When a cluster node is lost is it possible to restart its VM on another node?

guerby

Active Member
Nov 22, 2020
80
11
28
51
Hi,

I'm testing some edge cases with proxmox VE 6.3: I have a cluster p1 with three nodes node1 node2 node3, all use only a shared NFS (from another machine outside the cluster) for VM disk storage.

VM 100 is running on node1. node2 and node3 have no VM running.

Let's assume node1 fails (poweroff because power supply failure) and won't be repaired immediately (no spare handy), so I want to manually start VM 100 on node2 but I don't want to remove node1 from the cluster (because it will be repaired in the coming days).

I noticed on node2 and node3 there is a copy of the VM 100 info on node2 and node3 in /etc/pve/node1/qemu-server/100.conf and the disk is on shared NFS so nothing is lost even if node1 if offline.

I didn't find an obvious way to do it via the proxmox VE WebUI, did I miss something?

Thanks!
 
The function you are looking for is "High Availability". You can use it as you have three nodes, which is the minimum.

Please read https://pve.proxmox.com/pve-docs/pve-admin-guide.html#chapter_ha_manager

Best regards

Hi, thanks for your answer.

I read this document and I'm not sure I'll be able to test a realistic set of conditions with HA as proposed as my time is limited, that's why I asked how to "manually" restart a VM from a known for sure failed/offline node on another one.

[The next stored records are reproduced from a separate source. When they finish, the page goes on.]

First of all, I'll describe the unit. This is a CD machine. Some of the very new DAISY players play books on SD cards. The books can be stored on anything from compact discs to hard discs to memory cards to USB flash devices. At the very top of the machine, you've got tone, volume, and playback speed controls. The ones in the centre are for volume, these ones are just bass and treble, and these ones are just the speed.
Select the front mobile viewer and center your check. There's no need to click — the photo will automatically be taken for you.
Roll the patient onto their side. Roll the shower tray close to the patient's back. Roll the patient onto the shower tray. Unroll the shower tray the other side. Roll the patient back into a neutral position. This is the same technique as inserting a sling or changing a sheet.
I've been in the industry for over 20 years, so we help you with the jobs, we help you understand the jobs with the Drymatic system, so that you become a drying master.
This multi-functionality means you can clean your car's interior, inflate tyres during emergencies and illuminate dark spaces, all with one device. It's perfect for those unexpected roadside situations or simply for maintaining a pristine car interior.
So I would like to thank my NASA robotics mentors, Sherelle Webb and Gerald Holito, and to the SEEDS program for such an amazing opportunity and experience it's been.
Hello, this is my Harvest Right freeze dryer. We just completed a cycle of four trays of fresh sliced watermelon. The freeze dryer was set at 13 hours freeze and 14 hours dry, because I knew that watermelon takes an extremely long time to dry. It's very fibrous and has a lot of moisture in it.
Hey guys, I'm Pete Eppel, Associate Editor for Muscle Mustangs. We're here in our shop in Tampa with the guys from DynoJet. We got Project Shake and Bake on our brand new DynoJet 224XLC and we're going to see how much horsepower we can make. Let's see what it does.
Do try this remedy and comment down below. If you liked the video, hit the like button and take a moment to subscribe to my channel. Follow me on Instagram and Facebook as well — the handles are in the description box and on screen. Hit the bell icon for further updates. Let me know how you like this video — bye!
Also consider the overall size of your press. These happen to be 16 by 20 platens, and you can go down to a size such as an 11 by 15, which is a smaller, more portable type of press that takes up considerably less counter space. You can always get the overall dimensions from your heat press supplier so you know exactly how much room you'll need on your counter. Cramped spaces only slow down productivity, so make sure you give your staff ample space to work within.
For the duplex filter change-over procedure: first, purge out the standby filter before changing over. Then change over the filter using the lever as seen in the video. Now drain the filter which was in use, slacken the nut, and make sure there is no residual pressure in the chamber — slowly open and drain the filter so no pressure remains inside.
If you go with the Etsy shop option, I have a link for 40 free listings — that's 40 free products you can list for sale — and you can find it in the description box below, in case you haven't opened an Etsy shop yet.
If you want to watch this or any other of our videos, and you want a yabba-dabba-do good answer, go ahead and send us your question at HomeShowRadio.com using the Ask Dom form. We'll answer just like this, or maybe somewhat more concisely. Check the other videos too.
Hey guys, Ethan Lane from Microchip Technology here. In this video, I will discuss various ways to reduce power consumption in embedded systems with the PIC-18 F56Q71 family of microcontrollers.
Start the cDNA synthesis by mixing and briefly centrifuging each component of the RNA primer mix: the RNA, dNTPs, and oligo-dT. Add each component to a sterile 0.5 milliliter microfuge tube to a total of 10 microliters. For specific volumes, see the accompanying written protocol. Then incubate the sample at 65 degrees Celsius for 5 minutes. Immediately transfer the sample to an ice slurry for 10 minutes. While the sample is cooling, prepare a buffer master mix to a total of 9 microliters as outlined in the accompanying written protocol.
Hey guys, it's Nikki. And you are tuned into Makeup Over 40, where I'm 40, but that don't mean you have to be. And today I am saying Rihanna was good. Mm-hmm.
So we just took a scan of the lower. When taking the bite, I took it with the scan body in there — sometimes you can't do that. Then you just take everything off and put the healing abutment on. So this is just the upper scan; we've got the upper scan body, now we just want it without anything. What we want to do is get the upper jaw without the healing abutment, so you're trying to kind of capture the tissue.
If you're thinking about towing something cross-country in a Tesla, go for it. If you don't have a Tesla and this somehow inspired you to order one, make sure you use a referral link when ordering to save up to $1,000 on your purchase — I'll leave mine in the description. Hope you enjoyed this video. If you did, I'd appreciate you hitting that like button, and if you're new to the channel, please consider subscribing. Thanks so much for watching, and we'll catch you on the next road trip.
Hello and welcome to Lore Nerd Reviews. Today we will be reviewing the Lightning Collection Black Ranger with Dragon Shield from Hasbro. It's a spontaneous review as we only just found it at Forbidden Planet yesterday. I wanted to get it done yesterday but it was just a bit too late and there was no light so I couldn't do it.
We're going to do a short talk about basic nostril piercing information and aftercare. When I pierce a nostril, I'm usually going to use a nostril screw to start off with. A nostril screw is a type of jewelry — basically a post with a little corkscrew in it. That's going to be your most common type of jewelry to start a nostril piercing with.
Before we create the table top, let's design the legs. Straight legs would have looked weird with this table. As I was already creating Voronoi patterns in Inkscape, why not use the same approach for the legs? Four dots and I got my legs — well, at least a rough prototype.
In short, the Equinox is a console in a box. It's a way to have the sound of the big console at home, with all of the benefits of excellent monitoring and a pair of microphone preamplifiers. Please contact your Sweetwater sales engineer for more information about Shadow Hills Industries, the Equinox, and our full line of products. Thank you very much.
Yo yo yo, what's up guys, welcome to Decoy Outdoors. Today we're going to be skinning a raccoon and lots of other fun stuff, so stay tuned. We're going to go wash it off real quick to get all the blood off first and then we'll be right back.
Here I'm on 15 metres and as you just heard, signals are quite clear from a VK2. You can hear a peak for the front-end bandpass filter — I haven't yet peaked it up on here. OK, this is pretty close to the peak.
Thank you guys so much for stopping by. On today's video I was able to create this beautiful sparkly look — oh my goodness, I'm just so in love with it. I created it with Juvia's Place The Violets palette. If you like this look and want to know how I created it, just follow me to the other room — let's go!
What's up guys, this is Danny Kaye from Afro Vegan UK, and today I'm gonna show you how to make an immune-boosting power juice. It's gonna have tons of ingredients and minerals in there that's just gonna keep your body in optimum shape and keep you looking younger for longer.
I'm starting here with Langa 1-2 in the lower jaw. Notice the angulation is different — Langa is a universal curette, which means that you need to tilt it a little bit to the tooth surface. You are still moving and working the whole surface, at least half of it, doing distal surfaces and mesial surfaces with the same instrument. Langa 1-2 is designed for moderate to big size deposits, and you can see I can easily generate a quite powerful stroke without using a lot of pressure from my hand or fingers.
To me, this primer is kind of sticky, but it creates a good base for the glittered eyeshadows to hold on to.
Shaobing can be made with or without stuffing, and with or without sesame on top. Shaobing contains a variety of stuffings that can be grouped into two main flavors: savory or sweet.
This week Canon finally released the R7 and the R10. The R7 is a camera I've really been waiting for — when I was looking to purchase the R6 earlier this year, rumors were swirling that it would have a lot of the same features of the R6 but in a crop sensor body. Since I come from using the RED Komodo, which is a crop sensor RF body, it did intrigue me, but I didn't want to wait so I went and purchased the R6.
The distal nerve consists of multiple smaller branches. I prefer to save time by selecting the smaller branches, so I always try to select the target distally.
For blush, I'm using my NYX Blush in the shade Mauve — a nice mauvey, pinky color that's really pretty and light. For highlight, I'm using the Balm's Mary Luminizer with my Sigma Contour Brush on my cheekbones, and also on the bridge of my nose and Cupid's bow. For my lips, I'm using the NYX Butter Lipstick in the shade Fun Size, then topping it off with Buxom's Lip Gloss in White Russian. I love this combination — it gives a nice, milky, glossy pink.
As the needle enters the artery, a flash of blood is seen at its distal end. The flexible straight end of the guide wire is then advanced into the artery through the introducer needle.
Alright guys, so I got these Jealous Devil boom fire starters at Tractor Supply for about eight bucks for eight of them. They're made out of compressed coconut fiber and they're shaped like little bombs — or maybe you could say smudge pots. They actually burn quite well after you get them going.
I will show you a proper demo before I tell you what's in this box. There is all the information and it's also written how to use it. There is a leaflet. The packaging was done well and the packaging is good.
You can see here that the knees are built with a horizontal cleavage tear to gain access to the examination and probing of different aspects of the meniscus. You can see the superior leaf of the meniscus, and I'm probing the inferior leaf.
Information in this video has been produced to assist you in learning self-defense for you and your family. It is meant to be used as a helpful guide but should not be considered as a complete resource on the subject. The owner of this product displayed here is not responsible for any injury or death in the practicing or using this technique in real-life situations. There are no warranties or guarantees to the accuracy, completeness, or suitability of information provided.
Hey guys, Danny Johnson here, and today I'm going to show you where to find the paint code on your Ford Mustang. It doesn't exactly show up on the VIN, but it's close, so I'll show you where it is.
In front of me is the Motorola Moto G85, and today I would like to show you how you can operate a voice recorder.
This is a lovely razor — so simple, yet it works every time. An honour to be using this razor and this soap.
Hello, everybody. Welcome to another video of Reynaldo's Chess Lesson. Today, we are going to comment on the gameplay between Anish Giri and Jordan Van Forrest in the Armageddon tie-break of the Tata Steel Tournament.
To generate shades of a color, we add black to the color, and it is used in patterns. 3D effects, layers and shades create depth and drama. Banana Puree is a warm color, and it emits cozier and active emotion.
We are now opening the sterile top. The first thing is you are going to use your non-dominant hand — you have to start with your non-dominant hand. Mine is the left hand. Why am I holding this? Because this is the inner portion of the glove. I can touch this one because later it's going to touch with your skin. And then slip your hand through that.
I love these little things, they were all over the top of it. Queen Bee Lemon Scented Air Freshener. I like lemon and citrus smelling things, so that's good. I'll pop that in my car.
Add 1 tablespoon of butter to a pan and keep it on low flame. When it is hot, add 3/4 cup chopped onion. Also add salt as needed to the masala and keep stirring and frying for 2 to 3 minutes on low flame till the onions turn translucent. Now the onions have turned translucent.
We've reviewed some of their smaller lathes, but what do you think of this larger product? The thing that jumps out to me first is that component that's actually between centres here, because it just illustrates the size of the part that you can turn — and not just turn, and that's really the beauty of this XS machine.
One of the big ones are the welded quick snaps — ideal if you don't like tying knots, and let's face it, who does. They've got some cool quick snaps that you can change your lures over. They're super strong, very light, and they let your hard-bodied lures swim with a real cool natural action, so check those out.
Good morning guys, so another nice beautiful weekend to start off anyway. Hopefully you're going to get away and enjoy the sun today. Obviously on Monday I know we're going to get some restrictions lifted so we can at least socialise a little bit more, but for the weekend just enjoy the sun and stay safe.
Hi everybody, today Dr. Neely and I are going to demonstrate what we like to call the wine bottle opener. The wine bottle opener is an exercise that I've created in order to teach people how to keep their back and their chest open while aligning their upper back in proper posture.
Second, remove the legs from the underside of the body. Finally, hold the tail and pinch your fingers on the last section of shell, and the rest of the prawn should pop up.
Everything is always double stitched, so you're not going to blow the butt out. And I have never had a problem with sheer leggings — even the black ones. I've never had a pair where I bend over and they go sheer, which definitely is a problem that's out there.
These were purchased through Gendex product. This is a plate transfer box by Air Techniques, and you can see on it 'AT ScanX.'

On our current non proxmox hypervisor no VM are autostart and when a failure occurs (hypervisor hardware, network storage, network, out of ressources, etc...) we can afford some time for a human to analyze the situation and decide what to do, our users are ok with reasonable downtimes (server hardware nowadays is quite plentiful and reliable).

I know for experience than recovering from a failed automatic HA restart (because of misconfiguration - plenty of options to get wrong, or just unanticipated failure mode) can be really painful and cause very long downtimes (restore from backups because of corruption, etc...).

Hence I'm looking for a simpler manual process to recover from a failure.
 
Hi,
Hi, thanks for your answer.

I read this document and I'm not sure I'll be able to test a realistic set of conditions with HA as proposed as my time is limited, that's why I asked how to "manually" restart a VM from a known for sure failed/offline node on another one.
If there are no local resources for the VM and nodeA is down, you can simply move the configuration file from /etc/pve/nodes/nodeA/qemu-server/<ID>.conf to /etc/pve/nodes/nodeB/qemu-server/<ID>.conf and then start it on node B.

I know for experience than recovering from a failed automatic HA restart (because of misconfiguration - plenty of options to get wrong, or just unanticipated failure mode) can be really painful and cause very long downtimes (restore from backups because of corruption, etc...).
I'm not sure how corruption would occur from using HA? I think corruption is much more likely to occur when a VM or it's node crashes. When HA "steals" a VM to recover it, it basically does the same (moving the configuration file and starting it on the other node).
 
Hi,

If there are no local resources for the VM and nodeA is down, you can simply move the configuration file from /etc/pve/nodes/nodeA/qemu-server/<ID>.conf to /etc/pve/nodes/nodeB/qemu-server/<ID>.conf and then start it on node B.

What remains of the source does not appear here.